Music: I love music. I look for records that I will be excited by, and that will become the soundtracks to my life. Though, I steal music. I don't do it because I can't come up with the money for an album; I do it because I can. If you put a beer fountain in the park, while I'm running, next to the water fountain, I think I'll probably drink the beer. Why? Because, fuck you, thats why. Humans have a natural tendency, (I might be tempted to say Humans of the United States of America, but I'll generalize it so that I am not a self hating American) to do what they should not, or sin, or break the rules. Music, in its most natural state SHOULD be available to everyone. Though, it is a commodity. The internet and the new media system has taken it to become a house paint of sorts, simply tinting a moment in time and therefore, leading to a degradation in not only the quality of music, but the respect for it in general. Music has become a breath mint, making a seemingly boring, malodorous moment palpable. (FYI...I have never been so impressed by those making music as much as now, I think people are making amazing music in reaction to this vicious capital-homogenization of music. Thank you.)

Food: Our world is instant. We expect everything to be available to us five minutes ago and year round. Our food system has inevitably followed this trend and created food that has no seasonal soul, is efficient and effective, and, ultimately, requires very little emotional attachment. When I can spend 1/4 of the price on something that is also ready in 2 minutes, why would I buy vegetables, meat and spend full price and full cooking time preparing them? But alas, the "model of efficiency" is not indeed the path to health or happiness. The joy is in the journey, in the process and communal nature of preparing the food, getting to know it, having a relationship with it; before it becomes part of you. You are what you eat; and as Michael Pollan says, "You are what you eat, eats." I also believe that you live how what you eat lived. If you eat meat that has lived a terrible existence, been beaten to death and then delivered to you in styrofoam; you are destined to take on the negative energy of that food. No one can tell me that you feel the same when you eat a tomato from a plastic, clamshell package, as when you eat it still warm from the sun in your friends backyard. It's a completely different experience. We have to understand that the nature of plants and animals grown for food is not instant. Taking the time to let things happen organically is exactly where the intersection of conscientious consumption and a delicious meal lies.

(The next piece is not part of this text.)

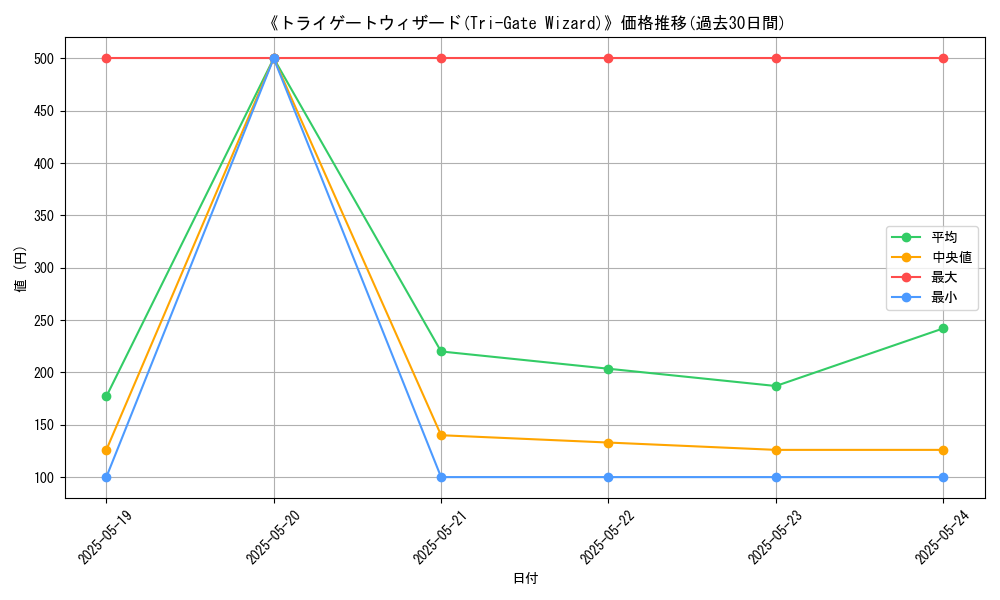 graph_card_113246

So, eat your prepackaged, convection microwaved, Starbucks turkey bacon sandwich, while reading your Kindle and listen to your overproduced, autotuned, Kings of Leon album. You'll be fine. Or. Go buy a used book, go to the farmers market, cook a meal for your love, go see real music, or just make your own with a harmonica and some red wine.

I will always have a house full of beautiful books, they are my favorite little pieces of art, and I will begin reading them all. Soon.